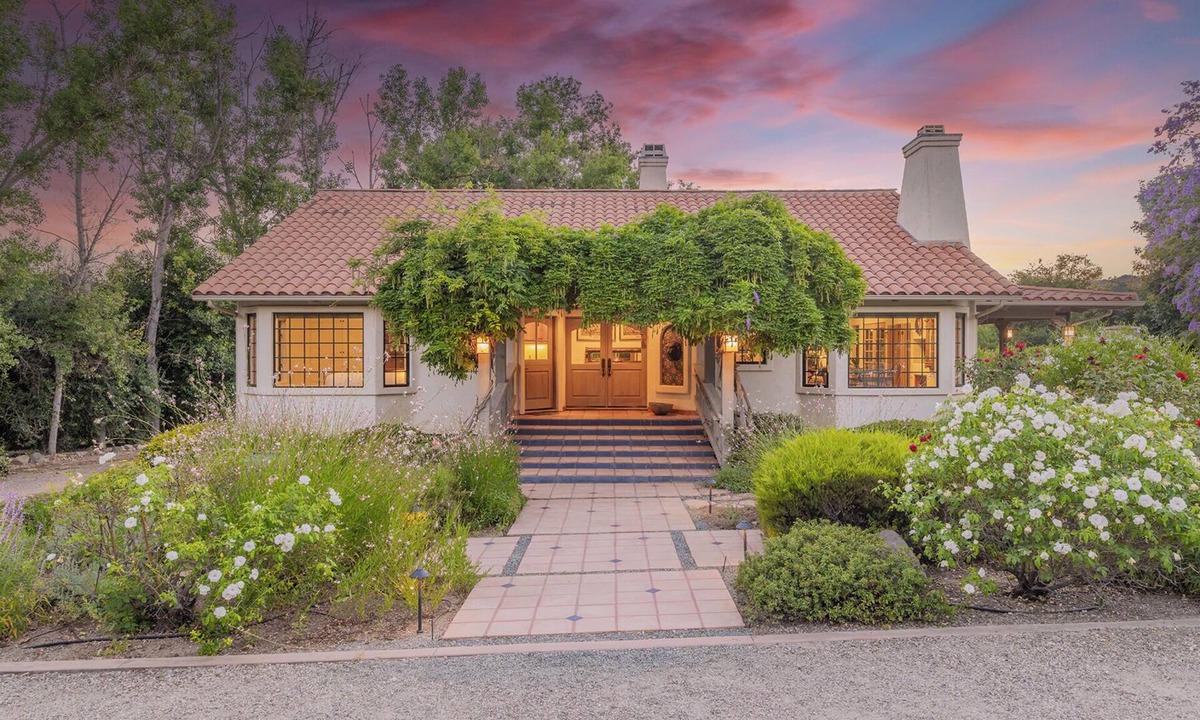 Ojai House | East End Pixie Orchard Getaway Long-Term Rental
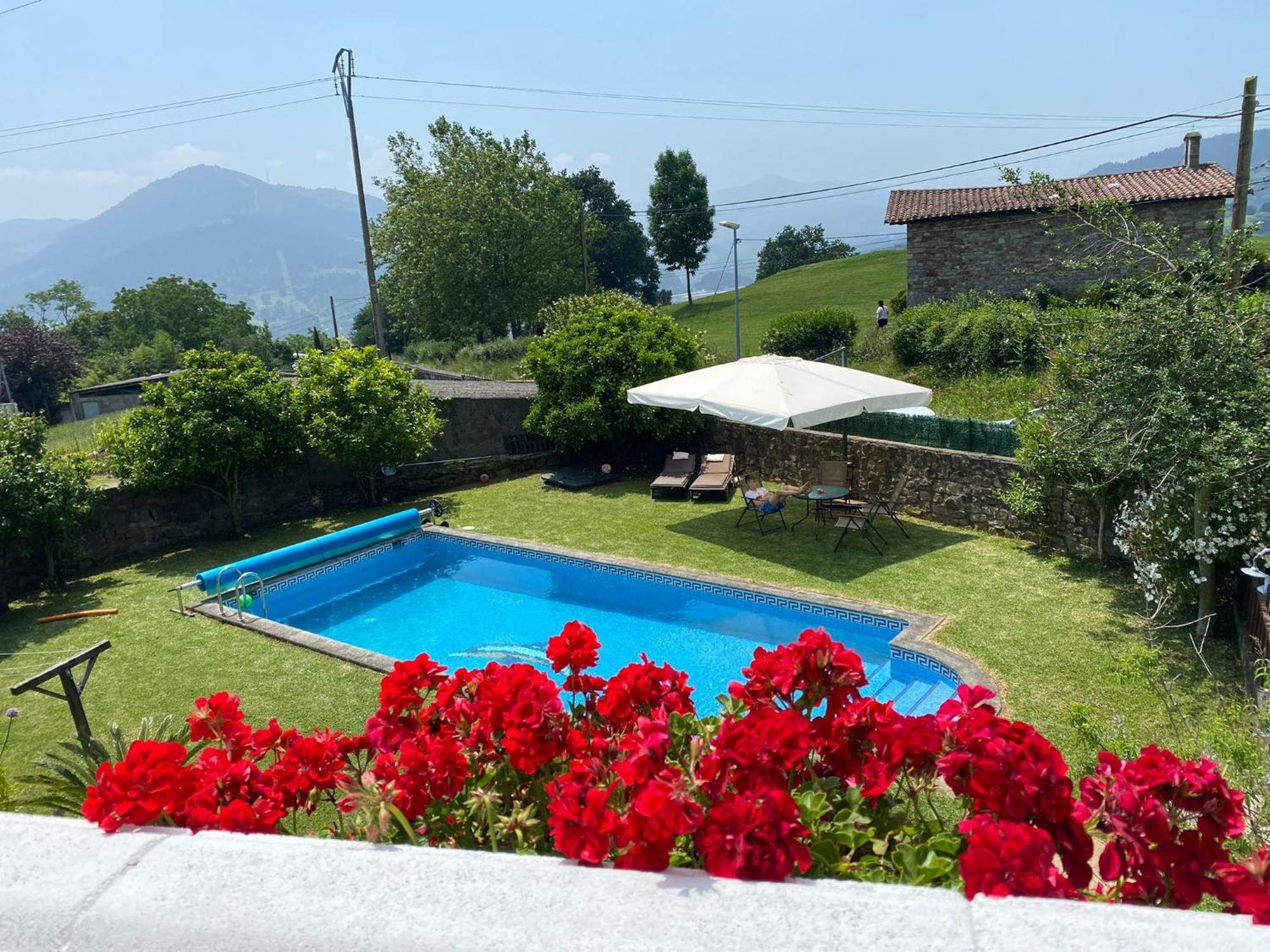 Bilbo Near Atico Rural Con Terraza Apartman Basauri Kültér fotó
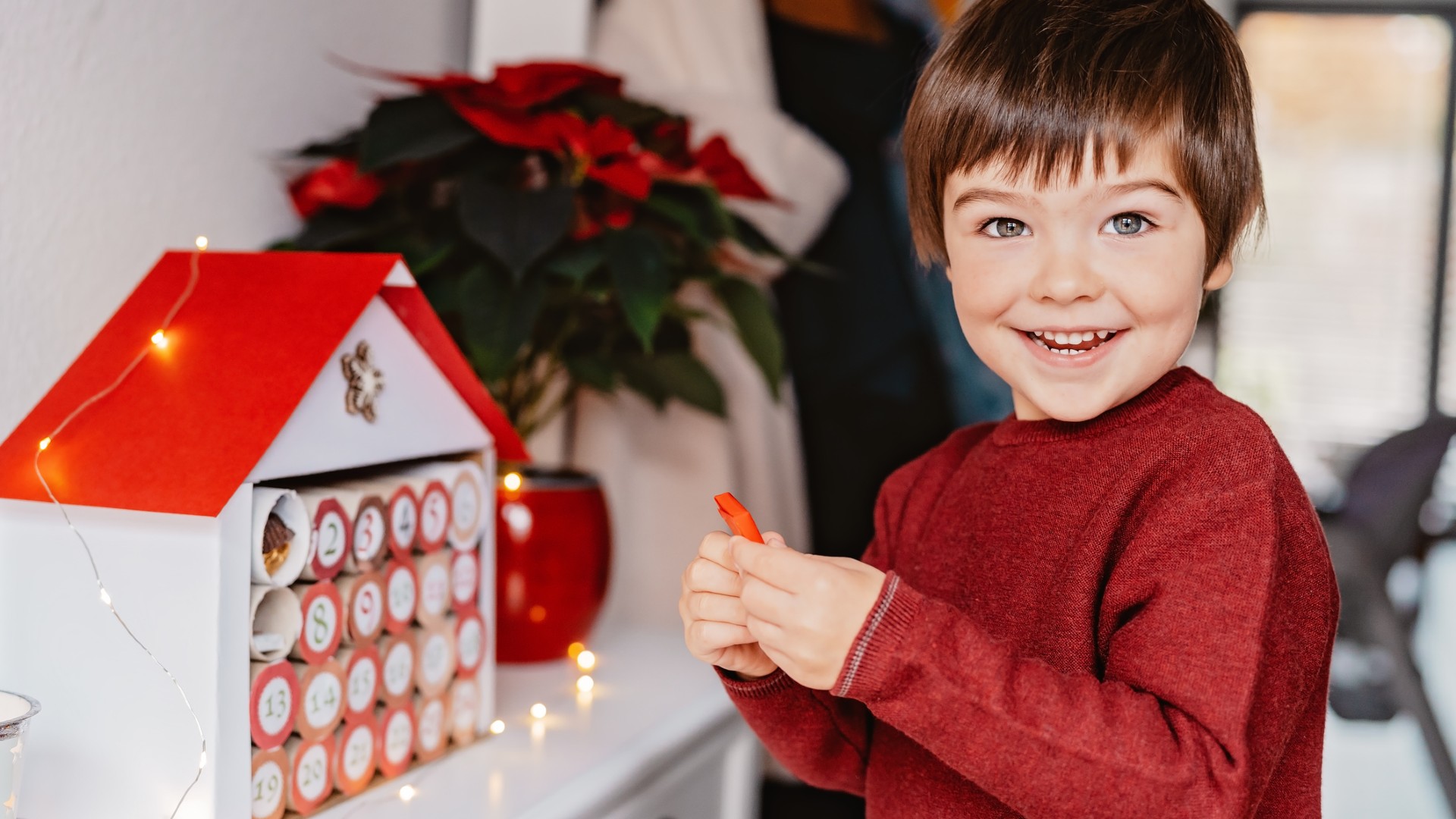 Kisfiú adventi kalendáriummal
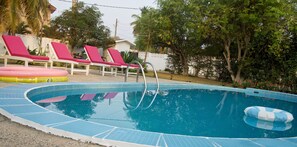 Outdoor pool - Cool Villa Guest House (Sekondi-Takoradi)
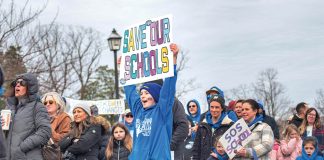 Middletown Parents Hold Protest Against BOE Decision to Close Three Schools
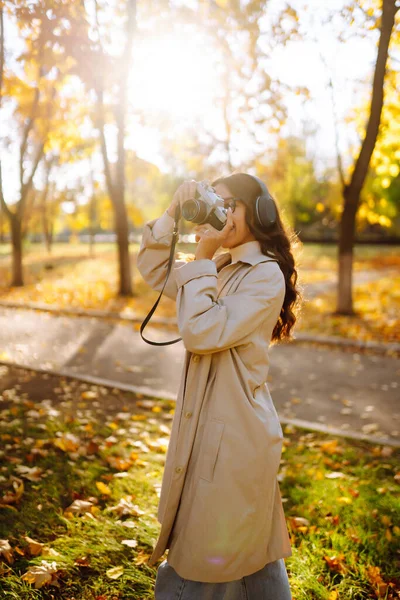 Jeune Femme Prenant Des Photos Dans Forêt Automne Dame Marche — Photo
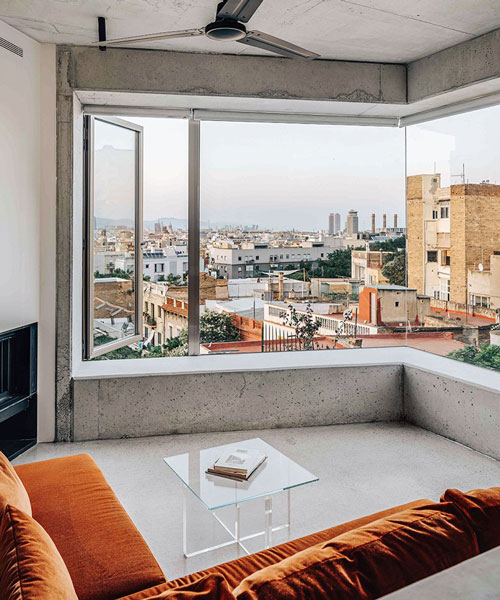 barbara appolloni convierte un garaje en un pequeño pero elegante departamento en barcelona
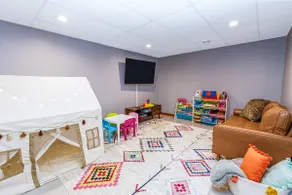 2 Bedroom Townhouse w/Play Room+Pets Welcome - Image 4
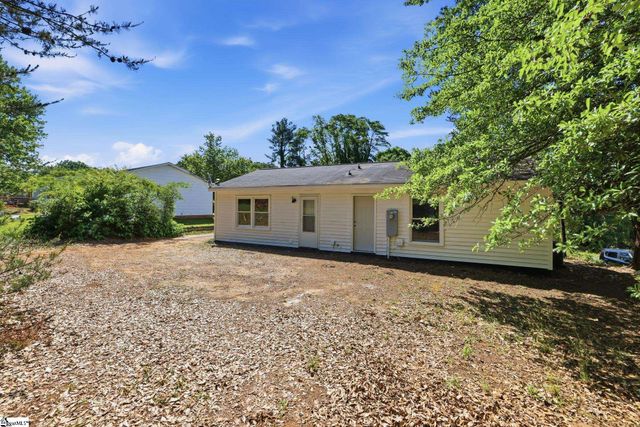 388 Vanderbilt Road, Spartanburg, SC 29301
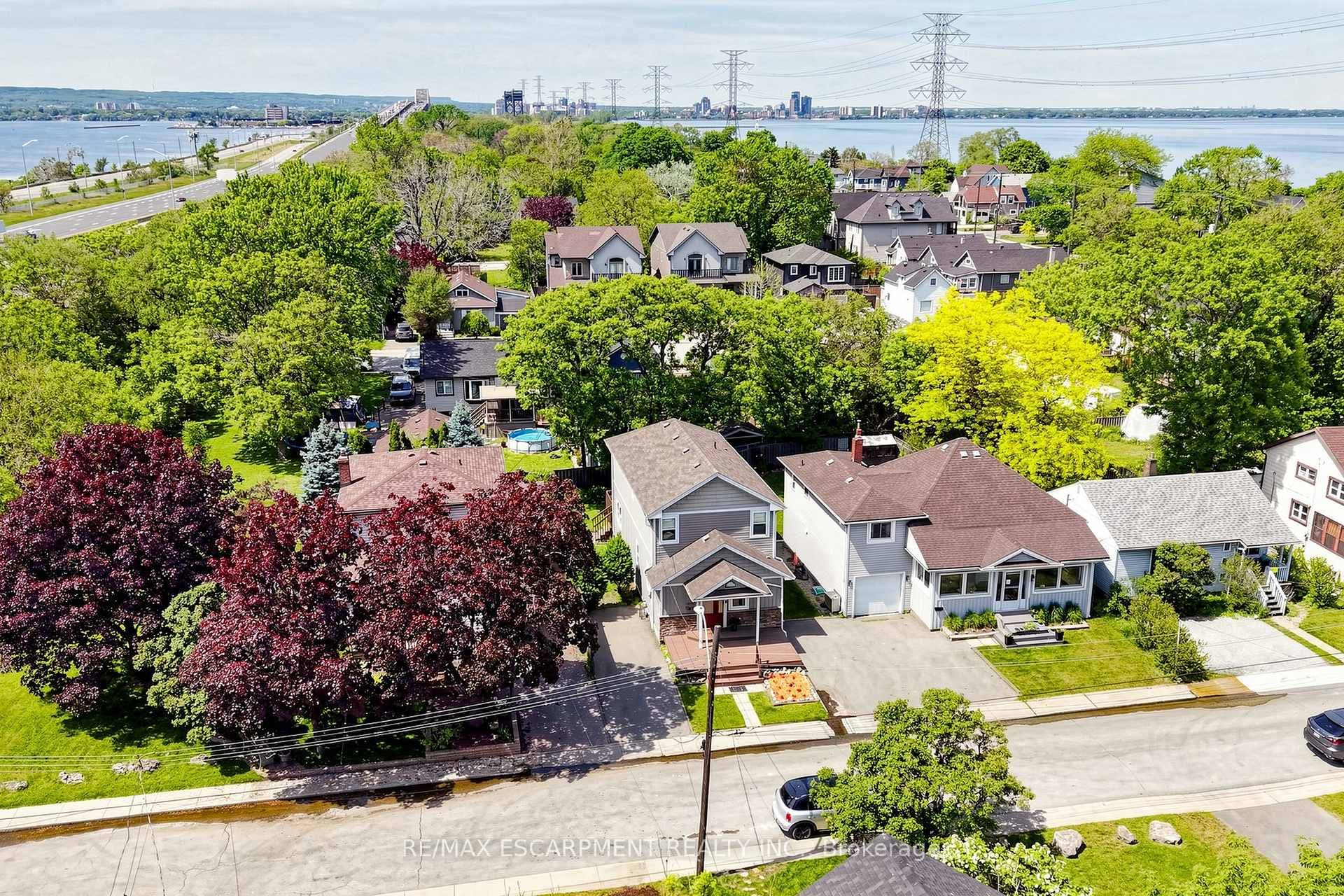 7 Windermere Avenue photo 35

---*---

## HOW TO COMPLETE THIS TASK
Output verbatim the lines beginning at the line with "barbara appolloni convierte" and ending at the last line of the material above, inclusive. Do not carry over any pictures.

## SOLVED EXERCISE
 barbara appolloni convierte un garaje en un pequeño pero elegante departamento en barcelona
 2 Bedroom Townhouse w/Play Room+Pets Welcome - Image 4
 388 Vanderbilt Road, Spartanburg, SC 29301
 7 Windermere Avenue photo 35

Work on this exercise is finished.